Que fique claro: Glenn está sendo denunciado sem nunca ter sido investigado ou indiciado. Em si, isso já constitui uma aberração. A ação agride ainda decisão do Supremo. O ministro Gilmar Mendes concedeu liminar, em Arguição de Descumprimento de Preceito Fundamental (ADPF), garantindo a Glenn não ser investigado pela divulgação de informações que preservam o sigilo da fonte.

A denúncia é de tal sorte ridícula que o procurador usa como uma das supostas evidências de que Glenn instruiu os hackers um trecho que levou a Polícia Federal justamente a concluir o contrário. No caso em questão, um deles quer saber se a comunicação entre eles deve ser apagada ou não. O jornalista diz que ele próprio não tem como apagar justamente porque é preciso se proteger de uma futura acusação de conivência. Diz que a cópia das conversas ficará em lugar seguro. E opina não ver problema em que o interlocutor assim proceda. Vale dizer: Glenn tinha consciência de que havia o risco de tentarem criminalizar o trabalho da imprensa — como está acontecendo. Segue o trecho:

GLENN GREENWALD: Entendi. Então, nós temo... é... vou explicar, como jornalistas, e obviamente eu preciso tomar cuidado como com tudo o que estou falando sobre "essa assunto", como jornalistas, nós temos uma obrigação ética para "co-dizer" (?) nossa fonte.

MOLIÇÃO: Sim.

GLENN GREENWALD: Isso é nossa obrigação. Então, nós não podemos fazer nada que pode criar um risco que eles podem descobrir "o identidade" de nossa fonte. Então, para gente, nós vamos... como eu disse não podemos apagar todas as conversas porque precisamos manter, mas vamos ter uma cópia num lugar muito seguro... se precisarmos. Pra vocês, nós já salvamos todos, nós já recebemos todos. Eu acho que não tem nenhum propósito, nenhum motivo para vocês manter nada, entendeu?

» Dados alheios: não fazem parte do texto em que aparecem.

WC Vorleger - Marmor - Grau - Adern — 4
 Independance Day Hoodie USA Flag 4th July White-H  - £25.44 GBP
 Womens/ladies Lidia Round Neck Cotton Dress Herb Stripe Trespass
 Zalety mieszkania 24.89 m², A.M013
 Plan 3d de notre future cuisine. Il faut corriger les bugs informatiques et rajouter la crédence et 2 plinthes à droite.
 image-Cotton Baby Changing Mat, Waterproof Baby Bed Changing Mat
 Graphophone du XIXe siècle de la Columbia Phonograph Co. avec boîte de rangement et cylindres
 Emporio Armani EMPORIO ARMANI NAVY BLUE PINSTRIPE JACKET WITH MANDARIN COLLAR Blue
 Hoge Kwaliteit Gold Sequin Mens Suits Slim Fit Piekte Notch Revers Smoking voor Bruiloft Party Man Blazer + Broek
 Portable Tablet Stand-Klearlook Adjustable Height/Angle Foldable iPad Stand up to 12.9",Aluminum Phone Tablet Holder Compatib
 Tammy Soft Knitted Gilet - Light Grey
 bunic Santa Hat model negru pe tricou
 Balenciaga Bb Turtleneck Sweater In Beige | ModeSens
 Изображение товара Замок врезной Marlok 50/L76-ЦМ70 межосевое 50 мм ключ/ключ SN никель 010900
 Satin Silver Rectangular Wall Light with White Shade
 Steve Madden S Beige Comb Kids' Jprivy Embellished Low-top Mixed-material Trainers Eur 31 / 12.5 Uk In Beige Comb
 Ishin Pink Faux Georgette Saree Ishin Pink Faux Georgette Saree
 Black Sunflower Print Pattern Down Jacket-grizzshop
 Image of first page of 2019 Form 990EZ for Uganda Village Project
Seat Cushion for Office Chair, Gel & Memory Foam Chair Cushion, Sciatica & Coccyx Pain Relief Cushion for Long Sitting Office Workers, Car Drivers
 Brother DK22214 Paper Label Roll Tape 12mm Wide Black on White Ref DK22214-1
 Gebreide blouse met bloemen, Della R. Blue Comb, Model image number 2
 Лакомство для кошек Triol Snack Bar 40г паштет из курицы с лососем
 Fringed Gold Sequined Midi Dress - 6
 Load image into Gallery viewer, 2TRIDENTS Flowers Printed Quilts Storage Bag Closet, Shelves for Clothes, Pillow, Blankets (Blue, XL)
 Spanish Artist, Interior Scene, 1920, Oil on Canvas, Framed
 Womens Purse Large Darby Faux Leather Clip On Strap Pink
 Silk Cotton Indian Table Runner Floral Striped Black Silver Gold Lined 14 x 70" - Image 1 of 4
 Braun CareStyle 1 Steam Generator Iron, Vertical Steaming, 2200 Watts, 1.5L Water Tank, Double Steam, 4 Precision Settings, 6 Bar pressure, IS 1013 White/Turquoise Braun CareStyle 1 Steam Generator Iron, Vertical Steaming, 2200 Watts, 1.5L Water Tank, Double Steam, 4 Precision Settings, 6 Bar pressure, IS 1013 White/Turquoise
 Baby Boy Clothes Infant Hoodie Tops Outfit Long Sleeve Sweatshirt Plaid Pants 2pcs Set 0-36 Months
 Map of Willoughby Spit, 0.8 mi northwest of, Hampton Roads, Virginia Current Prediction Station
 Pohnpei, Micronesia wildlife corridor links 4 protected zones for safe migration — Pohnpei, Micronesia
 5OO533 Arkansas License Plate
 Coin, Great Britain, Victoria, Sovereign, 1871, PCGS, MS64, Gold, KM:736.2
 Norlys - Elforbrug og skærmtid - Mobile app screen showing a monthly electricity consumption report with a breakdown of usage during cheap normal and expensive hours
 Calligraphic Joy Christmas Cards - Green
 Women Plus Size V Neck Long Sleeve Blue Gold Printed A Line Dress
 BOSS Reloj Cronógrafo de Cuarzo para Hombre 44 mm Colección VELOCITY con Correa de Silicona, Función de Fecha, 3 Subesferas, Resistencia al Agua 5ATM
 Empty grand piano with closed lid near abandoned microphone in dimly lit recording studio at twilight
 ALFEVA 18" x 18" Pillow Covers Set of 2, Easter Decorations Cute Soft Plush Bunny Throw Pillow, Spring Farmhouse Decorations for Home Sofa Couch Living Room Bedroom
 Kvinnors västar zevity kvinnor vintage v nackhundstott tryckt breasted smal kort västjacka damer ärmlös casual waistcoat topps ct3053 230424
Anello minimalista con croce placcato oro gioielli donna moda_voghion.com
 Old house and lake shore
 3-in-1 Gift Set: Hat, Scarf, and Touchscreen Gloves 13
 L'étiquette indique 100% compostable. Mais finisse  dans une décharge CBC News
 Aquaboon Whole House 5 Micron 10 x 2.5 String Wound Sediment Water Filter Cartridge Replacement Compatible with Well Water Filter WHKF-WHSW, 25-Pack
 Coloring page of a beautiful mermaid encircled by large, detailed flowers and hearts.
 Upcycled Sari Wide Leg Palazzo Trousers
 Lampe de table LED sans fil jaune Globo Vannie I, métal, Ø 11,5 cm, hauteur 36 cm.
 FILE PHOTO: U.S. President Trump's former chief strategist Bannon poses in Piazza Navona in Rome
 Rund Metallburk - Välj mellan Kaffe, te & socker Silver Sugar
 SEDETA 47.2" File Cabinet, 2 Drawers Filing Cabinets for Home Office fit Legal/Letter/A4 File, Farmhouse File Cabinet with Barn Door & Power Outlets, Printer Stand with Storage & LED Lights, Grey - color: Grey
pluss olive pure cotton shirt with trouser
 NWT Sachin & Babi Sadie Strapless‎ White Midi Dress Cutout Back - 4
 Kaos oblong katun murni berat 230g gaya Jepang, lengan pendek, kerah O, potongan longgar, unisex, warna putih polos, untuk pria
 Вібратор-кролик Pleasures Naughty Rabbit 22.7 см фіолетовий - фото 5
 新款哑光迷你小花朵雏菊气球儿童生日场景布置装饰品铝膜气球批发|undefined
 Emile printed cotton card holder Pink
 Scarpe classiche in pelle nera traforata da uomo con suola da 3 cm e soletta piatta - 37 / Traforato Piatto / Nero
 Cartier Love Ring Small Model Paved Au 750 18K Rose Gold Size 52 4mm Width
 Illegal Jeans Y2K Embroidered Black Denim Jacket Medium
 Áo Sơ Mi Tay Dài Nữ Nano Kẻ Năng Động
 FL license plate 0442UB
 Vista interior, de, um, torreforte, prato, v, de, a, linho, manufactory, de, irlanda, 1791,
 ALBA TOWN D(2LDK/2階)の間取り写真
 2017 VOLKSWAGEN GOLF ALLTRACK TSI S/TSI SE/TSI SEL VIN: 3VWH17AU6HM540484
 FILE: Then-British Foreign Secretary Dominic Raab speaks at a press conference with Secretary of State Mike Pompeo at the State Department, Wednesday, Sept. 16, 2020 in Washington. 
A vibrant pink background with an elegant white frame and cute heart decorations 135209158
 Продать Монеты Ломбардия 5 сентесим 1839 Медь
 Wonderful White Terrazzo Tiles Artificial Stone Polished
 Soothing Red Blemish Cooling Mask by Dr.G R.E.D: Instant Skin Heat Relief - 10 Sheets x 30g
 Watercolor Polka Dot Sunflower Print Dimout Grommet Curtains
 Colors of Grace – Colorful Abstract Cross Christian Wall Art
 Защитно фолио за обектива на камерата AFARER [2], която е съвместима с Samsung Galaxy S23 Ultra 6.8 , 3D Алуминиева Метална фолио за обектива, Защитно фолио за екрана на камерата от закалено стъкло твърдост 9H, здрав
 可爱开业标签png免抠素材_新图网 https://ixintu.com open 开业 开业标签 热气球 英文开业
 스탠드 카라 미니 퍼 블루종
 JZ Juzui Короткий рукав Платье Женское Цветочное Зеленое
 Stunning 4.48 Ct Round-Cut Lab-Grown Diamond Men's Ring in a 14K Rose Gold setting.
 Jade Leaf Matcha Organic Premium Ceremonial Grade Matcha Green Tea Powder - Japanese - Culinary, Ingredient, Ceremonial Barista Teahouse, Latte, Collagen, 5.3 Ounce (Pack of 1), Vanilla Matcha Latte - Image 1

Ficou claro? Não se trata de eliminação nenhuma de "prova". Tanto é assim que Glenn toma a precaução de avisar que manterá a conversa arquivada justamente para que fique claro que, na relação com os interlocutores, não houve crime nenhum.

Duvido que a estrovenga prospere. Caso a denúncia seja aceita em primeira instância, o destino final seria o Supremo porque se trata da violação de garantias asseguradas pela Constituição.

É curioso que, até agora, ninguém tenha se disposto a pedir uma perícia nos diálogos que vieram a público entre Moro e os procuradores e entre os próprios membros da força-tarefa, revelando um conjunto impressionante de agressões à ordem legal: à Constituição, à Lei de Delações (12.850), à Lei Orgânica da Magistratura e à Lei Orgânica do Ministério Público.

Igualmente não se propôs nenhuma investigação para apurar os vazamentos criminosos de investigações sigilosas.

Divino deve saber que a sua acusação não dará em nada. O objetivo, parece, é, mais uma vez, a intimidação. Nesse caso, o alvo é a imprensa independente. A única que lhes serve é aquela amestrada pela força-tarefa e por Sergio Moro.

Chegou a hora da estreia da nova lei que pune abuso de autoridade.